We all have friends, acquaintances and family members who do things that seem to defy logic or common sense. Normally we don’t demand an explanation from them, unless of course their action (or lack of) directly impacts our life. More often we determine that what they are doing and how they are handling situations really isn’t any of our business. Isn’t it interesting though, that when it comes to God, we barrage the gates of heaven asking ‘Why?’ Why do good things happen to bad people? Why is the life of a faithful servant cut short? Why do the innocent suffer? I recently read a commentary by Larry Richards, “We do not need to know why He [God] acts as He does; knowing Him is enough.”

1 comment:

Steve Corey said...

Gail;

-----In the particulars I generally agree with Larry Richards’ statement. In the general, I particularly disagree. I feel a great need to know why God does what He does and an unending curiosity about how He does it. My knowledge of Him must have a discernable connection to the realities I experience, otherwise it seems more theory than knowledge. What God does and why He does it is a part of Him, so to me a knowledge of Him must have at least some inkling about it.
-----But like a cog on a small gear embedded in a Swiss watch, a good thing happening to a bad person or a bad thing happening to a good person systemically meshes with not only the countless number of other things happening around it but also with the innumerable thoughts and feelings of those people it touches to ultimately, in a general way, make some statement by God about the time in which it happened. We won’t know specifically why or how it happened. But by our knowledge of the way the hands sweep the dial, we know specifically that its import involves God setting up evil for a final fall and godliness for its saturating victory.
-----Even within ourselves, regarding the things we do that we know we are not to do and those we don’t do knowing that we should, there is something missing from our specific knowledge of why’s and how’s.

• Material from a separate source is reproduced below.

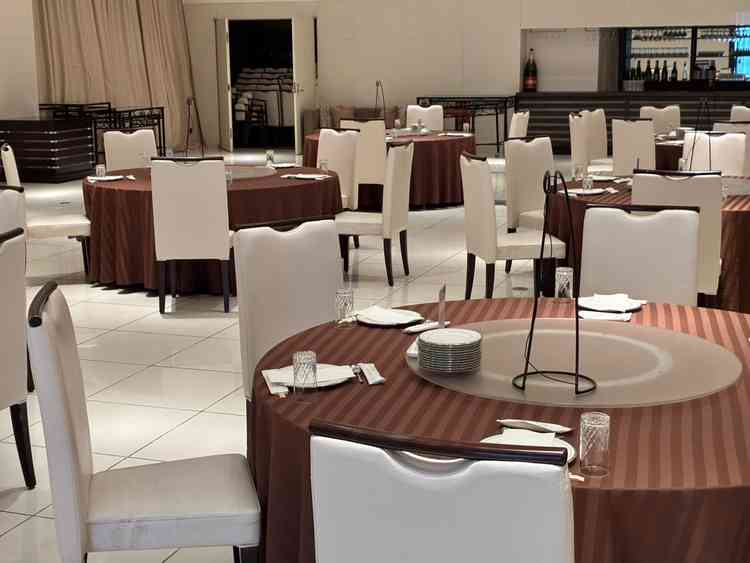 こちら宴会場ラプソディです。明るい雰囲気があり素晴らしかったです。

Yet we know that God maintains such a caring control about our lives that the tragedies of them, and the most embarrassing failures of ourselves, get used by Him in working His good. We can’t name every cog and gear in the watch or acutely envision their every movement. But we can clearly understand the synchronization of it all and definitely observe the watch’s hands in motion.
-----Therefore, when I do wrong I don’t go off wondering if I am not a child of His. I don’t go searching for the meanest whip with which to flagellate my bare back. When bad things happen to me I don’t question God’s connection with my life. I just know that for some purpose, maybe specifically of my life or of someone’s effected by mine, God has brought that kind of cog around again to mesh with the others. I don’t worry over it, because I know He has many good cogs yet to mesh inside the works. That I am forgiven is the weight taken from me so I can invest my strength in learning and practicing more godliness than I am presently. And when others goof up or are kicked off their stool by a bad situation, I can say even less about the particular why’s and how’s of what God allows. I must say more about the forgiveness and providence He will enmesh in the rest of what is to happen by the time He’s cleaned up this little mess.